Five RCTs (388 patients) were included in the review and meta-analysis. All five trials reported inclusion and exclusion criteria, and comparability of groups at baseline. Four trials reported loss to follow-up and three reported randomisation techniques. Two trials performed intention-to-treat analyses and two reported cross-over. Allocation concealment and use of blinding were each only reported by one trial. None of the trials reported sample size calculations.

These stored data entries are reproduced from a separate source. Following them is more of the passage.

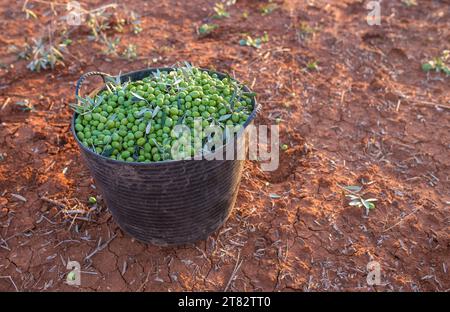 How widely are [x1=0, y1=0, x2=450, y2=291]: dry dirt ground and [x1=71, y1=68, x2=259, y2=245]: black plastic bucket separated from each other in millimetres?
185

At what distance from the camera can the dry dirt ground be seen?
2848mm

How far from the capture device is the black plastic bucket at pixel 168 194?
7.67 feet

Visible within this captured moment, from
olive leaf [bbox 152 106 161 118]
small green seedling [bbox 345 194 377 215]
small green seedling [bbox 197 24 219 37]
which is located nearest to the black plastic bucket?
olive leaf [bbox 152 106 161 118]

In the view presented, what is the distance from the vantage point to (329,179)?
3438mm

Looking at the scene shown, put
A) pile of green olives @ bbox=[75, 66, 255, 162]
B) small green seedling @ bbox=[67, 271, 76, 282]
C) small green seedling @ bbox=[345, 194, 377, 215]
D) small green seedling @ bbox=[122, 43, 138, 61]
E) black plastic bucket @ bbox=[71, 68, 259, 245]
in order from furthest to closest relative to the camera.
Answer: small green seedling @ bbox=[122, 43, 138, 61], small green seedling @ bbox=[345, 194, 377, 215], small green seedling @ bbox=[67, 271, 76, 282], pile of green olives @ bbox=[75, 66, 255, 162], black plastic bucket @ bbox=[71, 68, 259, 245]

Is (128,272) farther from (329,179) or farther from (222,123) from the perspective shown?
(329,179)

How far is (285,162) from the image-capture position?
11.9 feet

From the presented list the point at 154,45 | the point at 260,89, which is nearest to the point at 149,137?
the point at 260,89

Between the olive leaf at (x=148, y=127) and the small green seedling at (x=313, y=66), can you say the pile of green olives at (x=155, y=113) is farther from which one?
the small green seedling at (x=313, y=66)

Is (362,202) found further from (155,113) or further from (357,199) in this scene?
(155,113)

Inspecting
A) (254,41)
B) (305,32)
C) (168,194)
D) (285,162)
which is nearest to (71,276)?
(168,194)

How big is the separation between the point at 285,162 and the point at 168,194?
1445mm

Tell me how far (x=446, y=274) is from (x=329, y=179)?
1.06 metres

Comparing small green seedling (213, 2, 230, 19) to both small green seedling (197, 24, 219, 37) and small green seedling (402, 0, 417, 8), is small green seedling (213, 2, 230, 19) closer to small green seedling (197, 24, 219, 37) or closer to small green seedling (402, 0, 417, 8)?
small green seedling (197, 24, 219, 37) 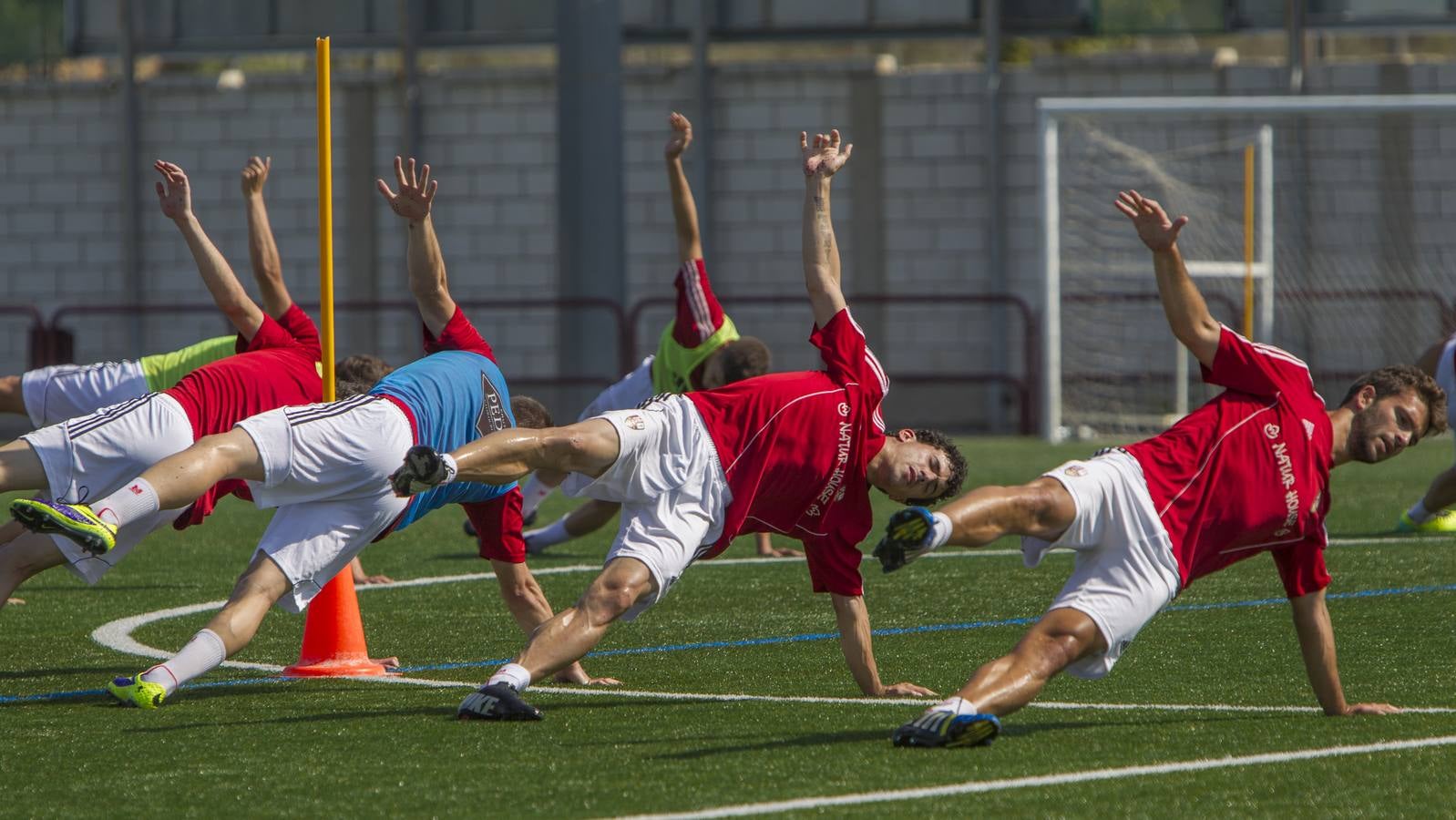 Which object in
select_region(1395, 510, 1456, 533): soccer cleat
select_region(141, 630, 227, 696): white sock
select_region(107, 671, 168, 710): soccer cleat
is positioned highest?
select_region(141, 630, 227, 696): white sock

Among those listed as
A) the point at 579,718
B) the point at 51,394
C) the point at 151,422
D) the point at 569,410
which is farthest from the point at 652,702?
the point at 569,410

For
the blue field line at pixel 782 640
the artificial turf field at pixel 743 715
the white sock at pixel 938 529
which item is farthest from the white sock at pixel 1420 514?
the white sock at pixel 938 529

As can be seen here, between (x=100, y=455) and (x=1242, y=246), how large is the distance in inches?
700

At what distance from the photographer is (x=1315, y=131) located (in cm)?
2398

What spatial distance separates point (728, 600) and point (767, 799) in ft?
15.5

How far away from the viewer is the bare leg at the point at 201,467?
636 cm

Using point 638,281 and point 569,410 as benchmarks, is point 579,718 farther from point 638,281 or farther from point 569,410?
point 638,281

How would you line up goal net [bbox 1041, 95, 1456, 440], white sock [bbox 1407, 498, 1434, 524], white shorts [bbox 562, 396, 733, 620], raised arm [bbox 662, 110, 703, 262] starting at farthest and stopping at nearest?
goal net [bbox 1041, 95, 1456, 440]
white sock [bbox 1407, 498, 1434, 524]
raised arm [bbox 662, 110, 703, 262]
white shorts [bbox 562, 396, 733, 620]

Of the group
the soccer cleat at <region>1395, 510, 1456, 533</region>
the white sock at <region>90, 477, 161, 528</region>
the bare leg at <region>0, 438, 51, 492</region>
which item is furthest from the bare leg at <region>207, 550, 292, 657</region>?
the soccer cleat at <region>1395, 510, 1456, 533</region>

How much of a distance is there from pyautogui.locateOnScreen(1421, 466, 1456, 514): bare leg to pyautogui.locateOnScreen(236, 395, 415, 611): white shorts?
7319 mm

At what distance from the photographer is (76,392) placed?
987cm

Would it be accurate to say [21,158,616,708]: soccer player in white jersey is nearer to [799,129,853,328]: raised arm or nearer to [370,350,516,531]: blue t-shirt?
[370,350,516,531]: blue t-shirt

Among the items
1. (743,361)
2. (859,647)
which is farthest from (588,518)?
(859,647)

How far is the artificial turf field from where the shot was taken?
16.9 feet
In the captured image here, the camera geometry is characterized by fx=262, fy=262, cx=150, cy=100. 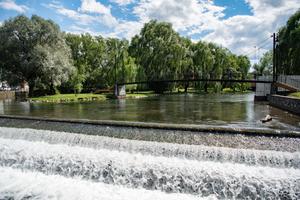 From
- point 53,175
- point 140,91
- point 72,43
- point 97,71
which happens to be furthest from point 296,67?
point 53,175

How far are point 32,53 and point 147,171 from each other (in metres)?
26.9

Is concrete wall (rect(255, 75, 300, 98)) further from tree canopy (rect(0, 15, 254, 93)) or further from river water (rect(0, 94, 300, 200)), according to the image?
river water (rect(0, 94, 300, 200))

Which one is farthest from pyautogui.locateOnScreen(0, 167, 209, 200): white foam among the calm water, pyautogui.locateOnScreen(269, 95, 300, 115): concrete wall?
pyautogui.locateOnScreen(269, 95, 300, 115): concrete wall

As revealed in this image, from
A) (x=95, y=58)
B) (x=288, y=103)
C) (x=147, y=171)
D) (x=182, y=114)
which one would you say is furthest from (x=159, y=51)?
(x=147, y=171)

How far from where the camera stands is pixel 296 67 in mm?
37062

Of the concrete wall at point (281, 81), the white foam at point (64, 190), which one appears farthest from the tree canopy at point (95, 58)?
the white foam at point (64, 190)

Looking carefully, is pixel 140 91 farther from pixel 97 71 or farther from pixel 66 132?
pixel 66 132

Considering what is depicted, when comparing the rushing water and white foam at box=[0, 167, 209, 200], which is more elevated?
the rushing water

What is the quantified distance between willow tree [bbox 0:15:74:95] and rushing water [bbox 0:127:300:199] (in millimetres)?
22334

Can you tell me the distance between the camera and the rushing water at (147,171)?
664 cm

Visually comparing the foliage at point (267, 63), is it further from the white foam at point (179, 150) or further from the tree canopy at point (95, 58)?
the white foam at point (179, 150)

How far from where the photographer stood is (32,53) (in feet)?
97.7

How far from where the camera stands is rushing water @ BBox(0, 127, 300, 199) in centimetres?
664

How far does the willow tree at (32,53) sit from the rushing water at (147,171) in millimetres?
22334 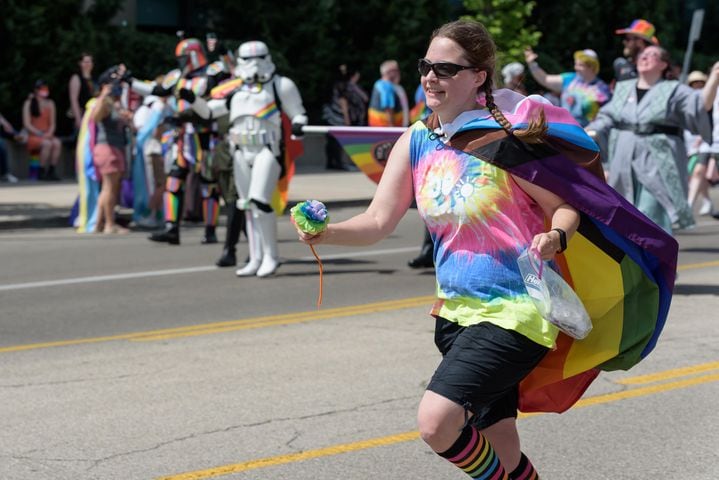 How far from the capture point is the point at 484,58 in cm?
437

Compared with the SGVD group, no-SGVD groups had statistically significantly shorter operative time (mean difference -25.50 minutes, 95% CI -35.98 to -15.02; Ι²=87%; five trials) and postoperative length of stay (mean difference -0.68 days, 95% CI -0.92 to -0.45; Ι²=91%; five trials). No statistically significant differences were observed between the groups in relation to morbidity (five trials; Ι²=0%) and conversion rate (three trials; Ι²=26%).
At one-year follow-up (three trials), no statistically significant differences were found between SGVD and no-SGVD groups for incidence of dysphagia (three trials; Ι²=0%), heartburn (three trials; Ι²=0%), regurgitation (three trials; Ι²=0%) or gas bloat (two trials; Ι²=48%). Similar results were found for the same outcomes at 10 years follow-up (two trials; Ι² values were all 0%).